Reading the poem closely, we are moved by the Bushmen's deep sorrow for the truncated spiritual life of van der Post. He cannot hear the music of the stars which, to them, is the great symphony of their being, their connection with the Divine Spirit that sounds throughout the universe, evoking wonder, awe, and a reconciling Presence, which unites all human beings -- all sentient beings -- indeed all creation.

You and I might think it folly, that these quite simple people in the remote region of southern Africa actually believe they are hearing the stars singing. On the other hand, perhaps they would believe that the silence of the stars we experience is folly, driving us to fill that emptiness with the 10,000 distractions of modern civilization. Yet again, it may well be that the music of the singing stars is the music within the human soul, a music evoked by a worshipful epiphany when gazing at the star-lit sky, away from the deafening cacophony of our planes, lawn mowers, blasting radios, and televisions, and automobiles racing down the ligaments of our collective life in neighborhoods of ever-glaring light and raucous noise.
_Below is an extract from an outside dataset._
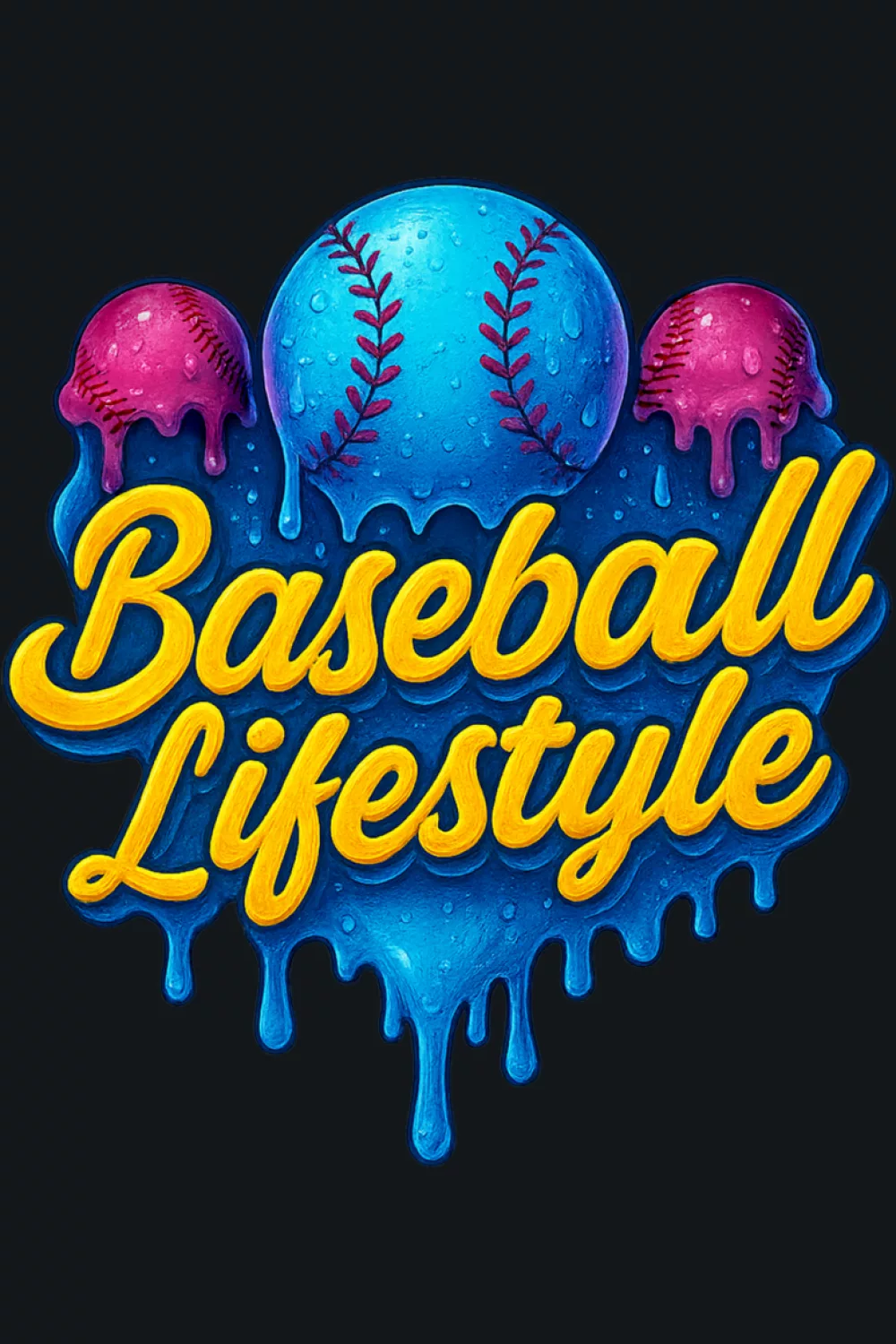 Backyard baseball lifestyle drip graphic with sparkling stars around the logo for youth fans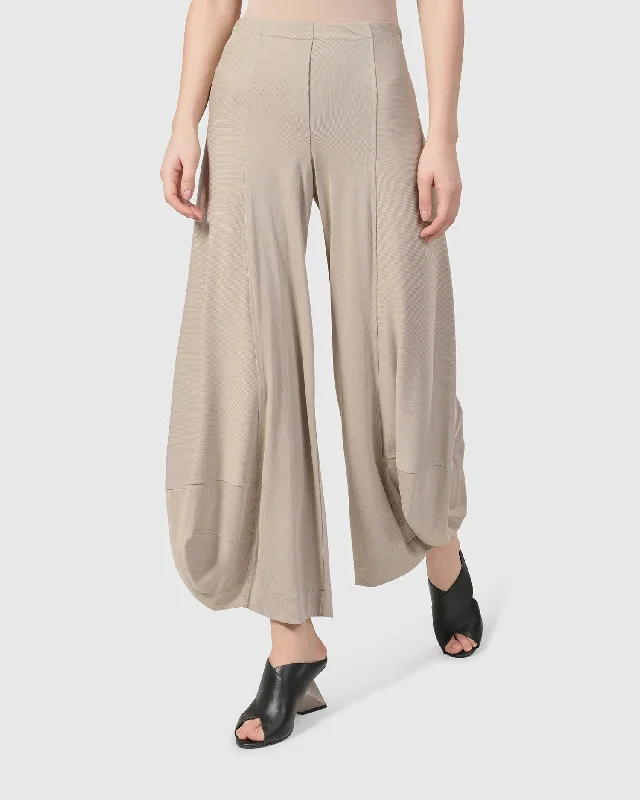 Essential Go-To Punto Pants, Ecru Trendy High-Waist Trousers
In some sense, we know like the Bushmen that the stars pull us upward toward a wondrous envelopment of what, for the moment, we might call a sense of Mystical Being. We lack the scientific knowledge to fully understand this phenomenon. But as we grow older into the wisdom of older age, the reality becomes clearer as distractions fade away, making life grander, life more precious, and the later years of approaching death a catastrophe were it not for this deeper knowing and the inner hearing the music of the stars.

Carl Jung in a personal letter written in 1950 put it this way:

                  "The spectacle of old age would be unendurable
           did we not know that our psyche reaches into a region
           held captive neither by change in time nor by limitation of place.
           In that form of being our birth is a death; and our death a birth. 
           The scales of the whole hang balanced."